Ad esso si vanno ad aggiungere due altri elementi che impattano l’ambiente marino: le reti da pesca in nylon (spesso perse sui fondali o buttate quando inutilizzabili) e le microplastiche (ad esempio la sfogliatura dei contenitori di plastica, le micro-perle nella cosmesi etc.).

–              La trasformazione dei modelli di produzione: sostituire la plastica delle bottigliette nelle mense con bevande alla spina è un esempio di come si può cambiare la linea di produzione, riducendo i rifiuti e, allo stesso tempo, mantenendo la qualità del risultato.
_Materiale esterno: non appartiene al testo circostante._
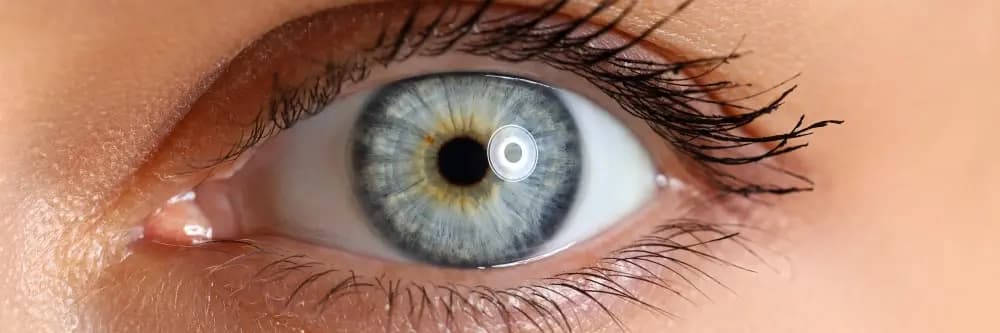seeing yellow spots in vision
Ci può fare altri esempi?

Più che altro si parla di trasformazione dei processi di consumo: in questo caso i processi di riduzione della materia sono infiniti. Dal prodotto come servizio, dove una stessa quantità di materia viene impiegata da più soggetti (car sharing, lavatrice di condominio, leasing, ecc) al consumo in bulk, dalla riparazione e upgrade dei prodotti al ritiro a fine vita.

–              A che punto siamo in Italia?

Dopo due anni di lavoro l’analisi su questo tema è tutto sommato positiva. Riciclo e riuso sono diffusi a molti livelli: dai consorzi alle piccole riciclerie, i repair shop sono in aumento, la filiera commerciale è attenta ai nuovi processi di prodotto come servizio. Nella bioeconomia ci sono tantissimi processi virtuosi, dai tessuti dagli scarti agricoli alle bioplastiche. Serve certo maggiore sostegno della politica e il supporto di grandi aziende. Siamo meglio di Germania e Stati Uniti. Ci batte l’Olanda, ma noi siamo un paese molto più grande e strategico degli amici Orange. Serve uno slancio di fiducia e un governo che ne faccia un caposaldo.